School’s out for summer! Now you’ve got time to tackle those fabulous craft masterpieces lingering on the patio, and more daylight hours to tackle the DIY project you’ve been shaping on Pinterest. But thoughts of running out of glue gun sticks, or the kids dripping paint onto the new carpet keep holding you back. Did you already drive to the craft shop to repurchase the supplies you know are hiding in a drawer? My clients often call me because their creativity is stymied by organizational problems. I’m sharing my top six simple organizing tips to release creativity blockage and get you enjoying your dream craft and hobby space this summer.
Define a Craft Storage and Workspace in Your Home: Whether in a kitchen cabinet or within an entire room dedicated to creativity, define a single area in your home for storing your supplies. Align this area with a clear work space so that you and your family can easily create on the fly. By creating a defined storage area and workspace you will avoid the dreaded “craft creep” of projects and supplies taking over your entire home and garage–and having to move projects around.
Visibility is Key: Picture an old fashion confectionary: if you need a visual reminder, visit The Sweet Shop in Los Altos where all the candies are immediately visible. Instead of gummy worms and licorice wheels, your repurposed clear glass jars and open containers will hold your supplies. Group like items together. For example, glues and tapes, glue guns and waxy sticks in one zone. A simple concept, but look around your current craft space–do you know where your paint brushes are–or the scissors? Your eyes should be dazzled and everything accessible to your fingertips.
Narrow Down Your Interests: Dig deep to determine the projects you really enjoy working on. Whether it is painting, pottery, drawing, beading, scrapbooking or fly-tying, try to keep your interests as edited as possible. Honing in will help you save money when buying supplies and encourage you to maintain the space
One Project at a Time: Having a dozen half-finished projects on hand is stressful. Instead, try your best not to start a new project until your current inspiration is finished, and enjoy the satisfaction. I often refinish furniture from my estate sale business and only allow myself to have one project in process at a time. This also keeps the garage from filling up with treasures that you’ll get to “someday.”
Add Regular Purging Sessions to Your Calendar: It is difficult for creative minds to let go of items that might turn into a project, but I firmly believe that removing clutter will change your mind set. You will instantly see what you CAN do instead of what you need to do. Plan a craft supply swap party with your friends, or donate to a local non-profit; my personal favorite is R.A.F.T., Resource Area for Teachers, in Sunnyvale.

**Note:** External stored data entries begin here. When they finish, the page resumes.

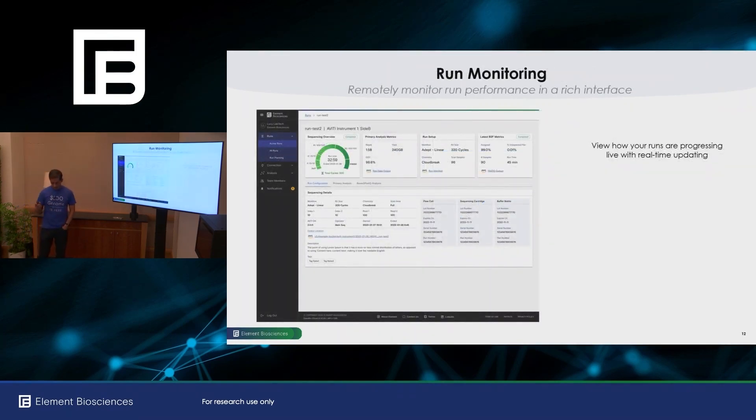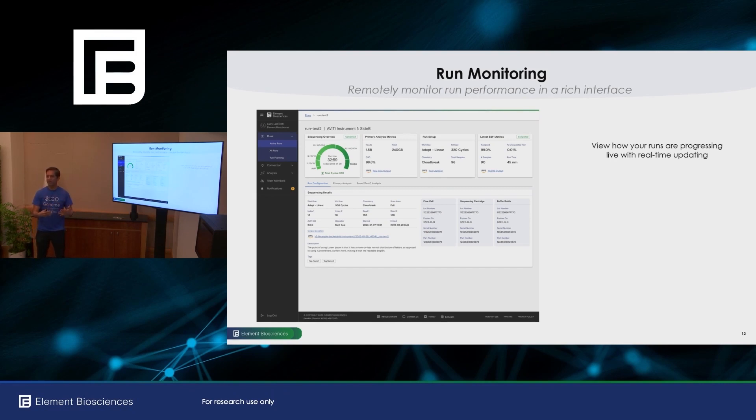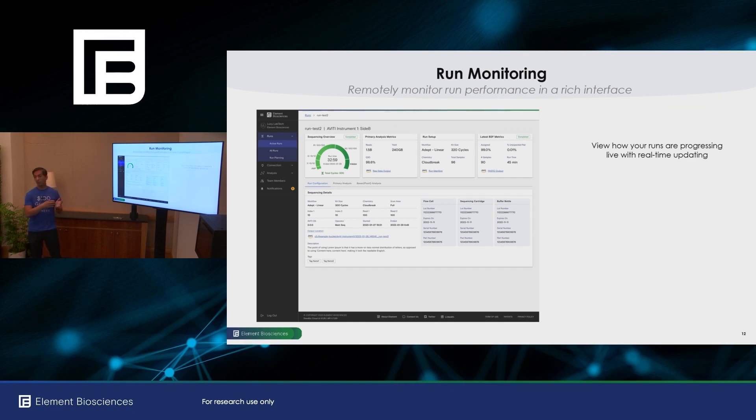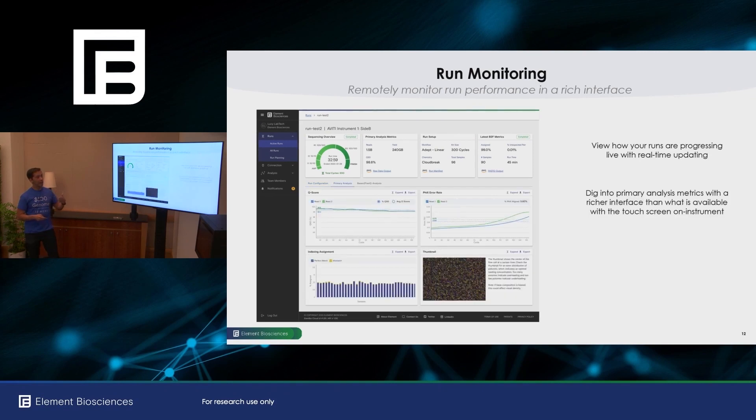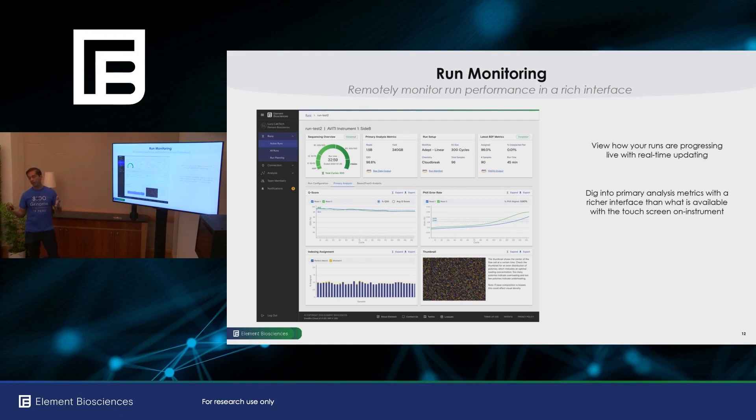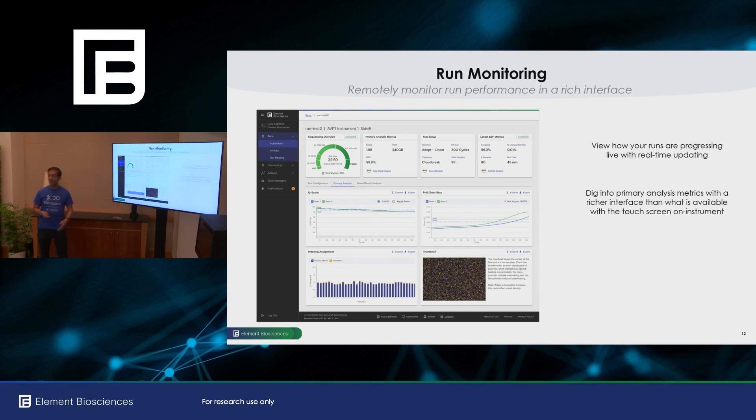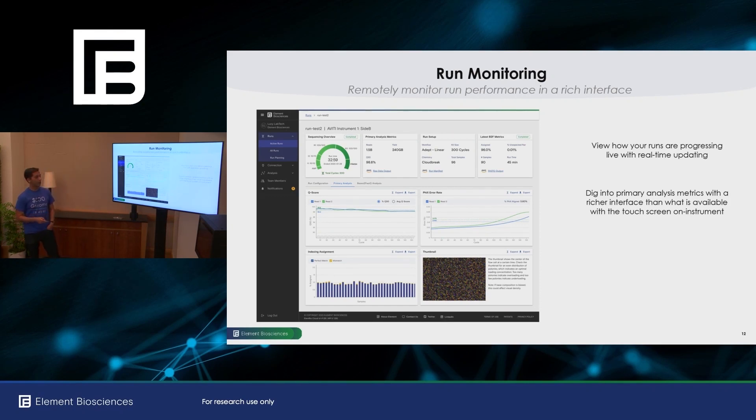So as I mentioned, with Aviti OS 2, we're going to have a bunch of primary analysis metrics, which is great, but then you have to be right in front of the instrument to see them. So with Element BioCloud, you don't have to do that. You can view these data remotely. You can look at all of your runs across your entire fleet of instruments. And for active runs, you'll get real-time live updating as the data is being processed on the instrument. And because this is now a desktop web interface, you can benefit from the richer interface available. You can dig deeper into the types of analysis metrics. In particular, for example, the indexing assignment that I talked about on instrument, you just get aggregate statistics where here you can dig into the individual metrics for each sample and see which ones are under or overrepresented.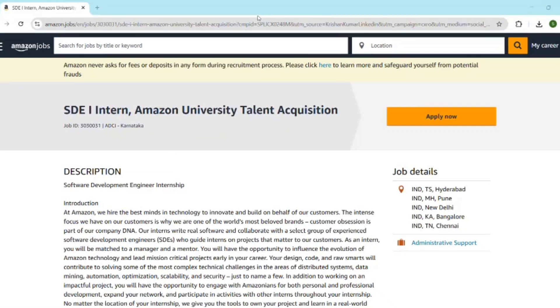If you are a BTech student graduating in 2026 or 2027 and dream of working at Amazon, then this video is for you.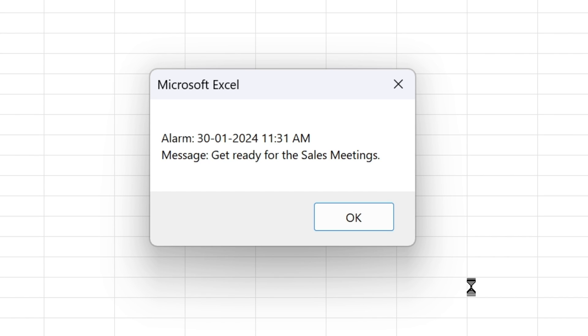Hello everyone, welcome to the channel's knowledge. In this video, we will talk about an alarm in Excel.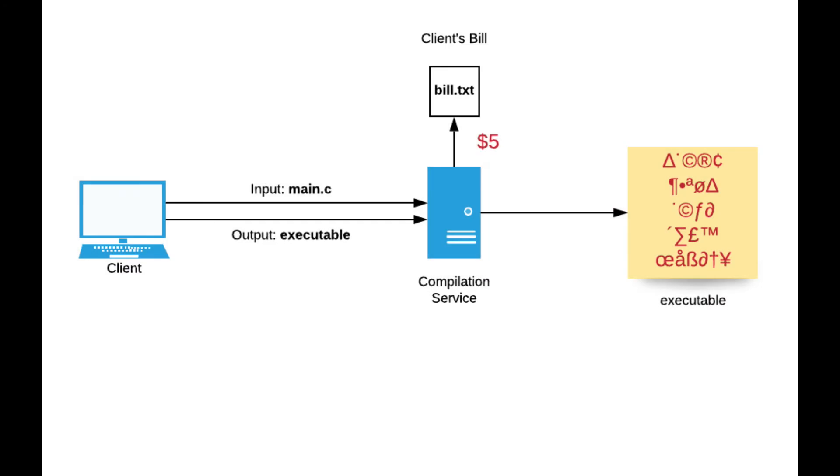In information security, there is a problem called the confused deputy problem where a legitimate, more privileged computer program is tricked by another program into misusing its authority on a system. This is a specific type of privilege escalation and how an attacker can exploit this scenario.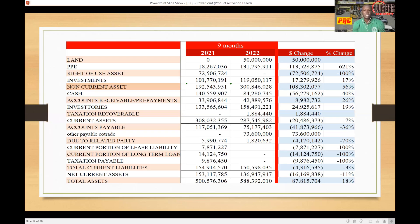Again, this feels like expansion to us — the business is expanding, because you see where the property, plant and equipment and land are growing. Now, rights of use assets — what this means is that the company has leased some assets that it is using, and they have to carry this on their balance sheet. There is a new accounting rule that tells you how to deal with rights of use assets.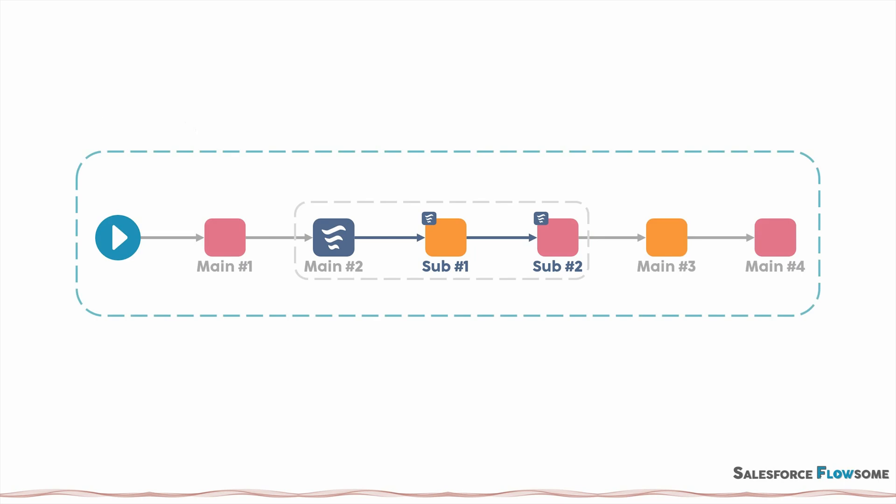So let's practice using the same example. First, we start with the main flow. We usually want to fetch the current record, which is outside of the scope. So you will need to create an input variable to let the system pass in the value. This is the most common use case for the input variable.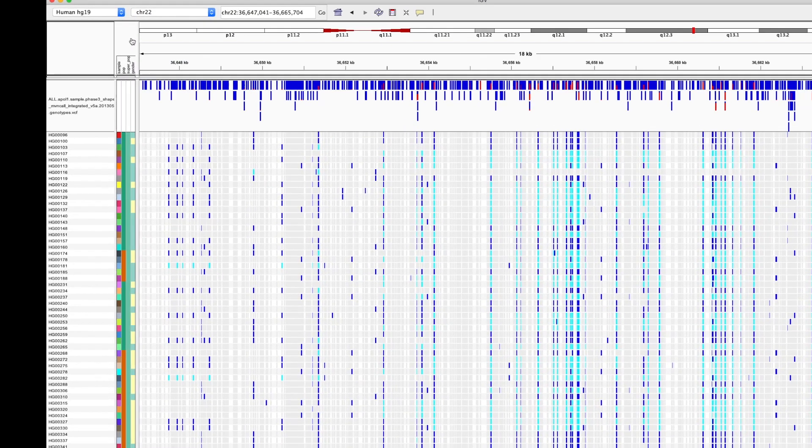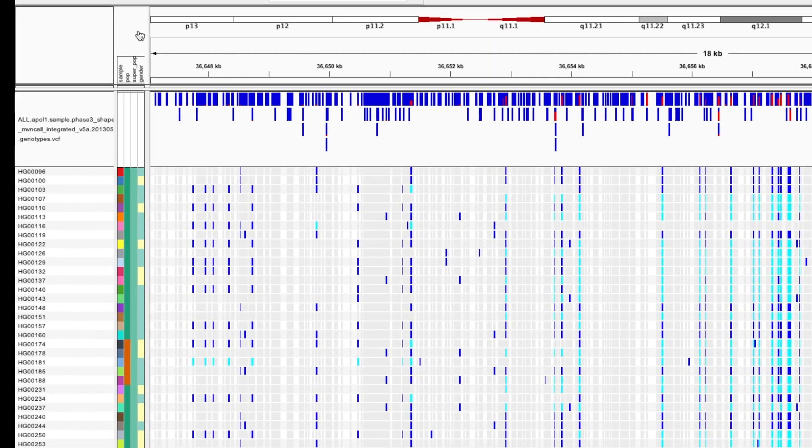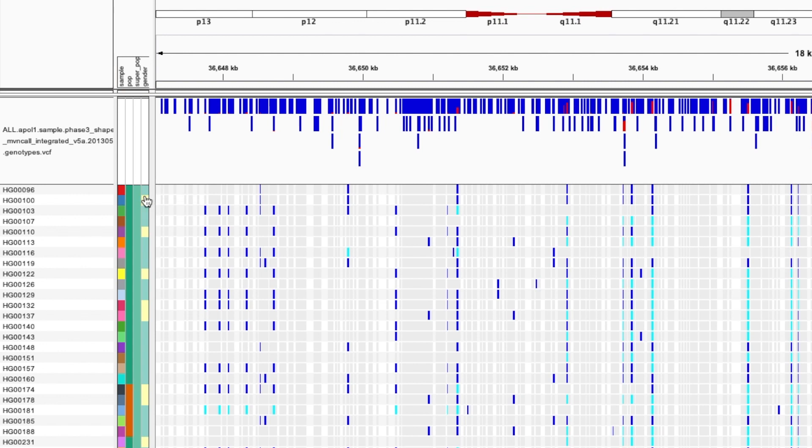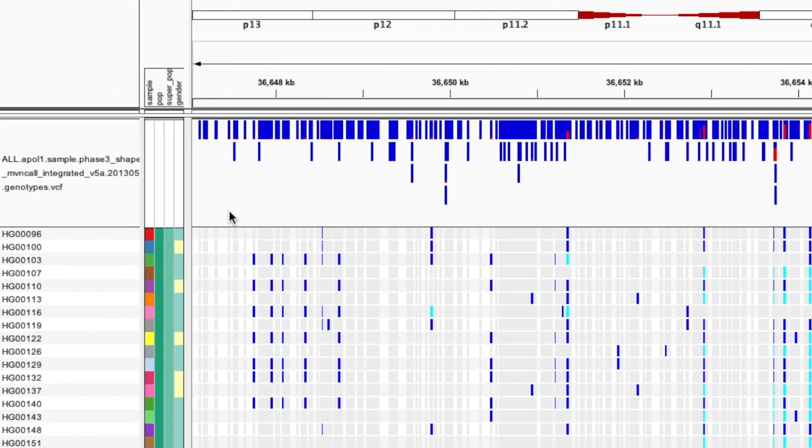Awesome. Now we can see the population, superpopulation and gender of all of our samples. If we hover over the annotations, we can see the values the colors correspond to.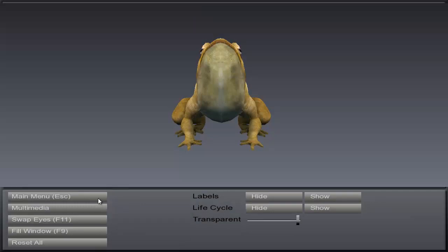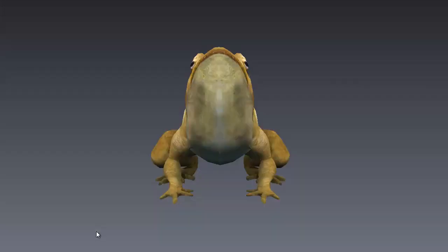The main menu will return you to the main menu so that you can select a different model to view. Multimedia will be covered in a later video. Swap eyes will correct any inverted 3D images. Fill window will enlarge the image to fill the screen. Press F9 to return to the menu.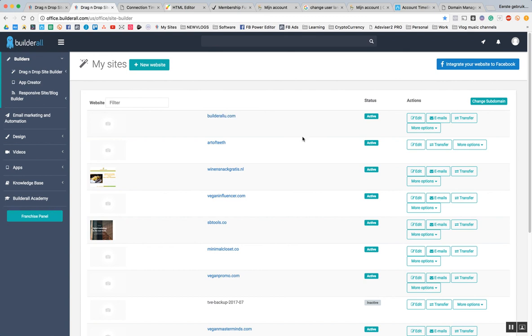So this is the video, I hope you guys find this useful. In the next video I'm going to show you how to connect your email address and create email addresses like people@builderallu.com or randy@builderallu.com. We can make a lot of email addresses and I'm going to show you how in the next video. Thank you for watching.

Create a Display Area: If you have children that are always creating and building a work of art, a designated display area is key. Encourage your children to pick their favorite pieces to remain on display, and those to be stored in a memory box to make room for new artwork. Teaching children these basic organizing skills will give them greater satisfaction with their craft results and also give them building blocks for learning efficiency.